Kruger said:
We describe classical fields with electromagnetic WAVES. Why can quantum theory describe the electromagnetic field with harmonic oscillations? An electromagnetic wave has a certain direction where it moves with a certain velocity. And an oscillation just oscillates up and down. So, what are the analogies of these two things?
If you solve for classical fields, you see that their solution space is build up from different modes (this is sometimes called "separation of variables" and you separate the spatial variables from the time variable), so you write your general field solution, satisfying boundary (but not initial) conditions:
E(r,t) = a1(t) E1(r) + a2(t) E2(r) +...
and it turns out that the solutions for a1(t)... are of the form A sin(w1.t) + B cos(w1.t).
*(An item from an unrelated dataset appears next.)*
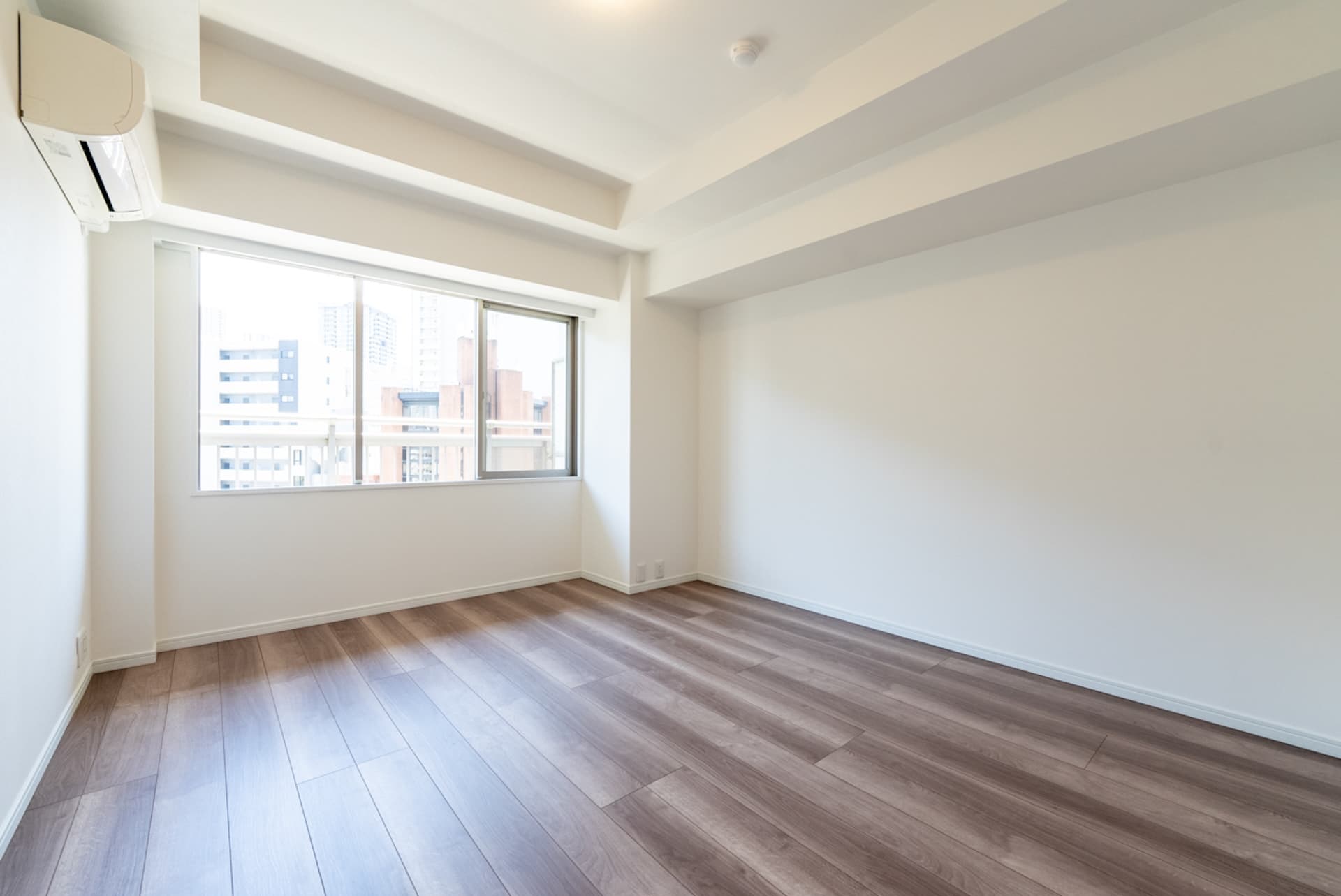 Bay Court Shibaura Bedroom.jpg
Each term in this sum is called a field mode.
These constants (A and B) for each a(t) are fixed by the initial conditions and give you your solution E(r,t) that satisfies boundary and initial conditions.
So when looking at the dynamics in time, it is as if the final E-field is just a composition of different harmonic oscillators, described by a1(t), a2(t) ...
The field is then just seen as a kind of book keeping device that helps us keep track of all these different oscillators, but just specifying A and B of each of them is equivalent to this description.
So there is a 1-1 relationship between a set of oscillators of frequencies w1, w2, ... and a field solution E(r,t).
cheers,
Patrick.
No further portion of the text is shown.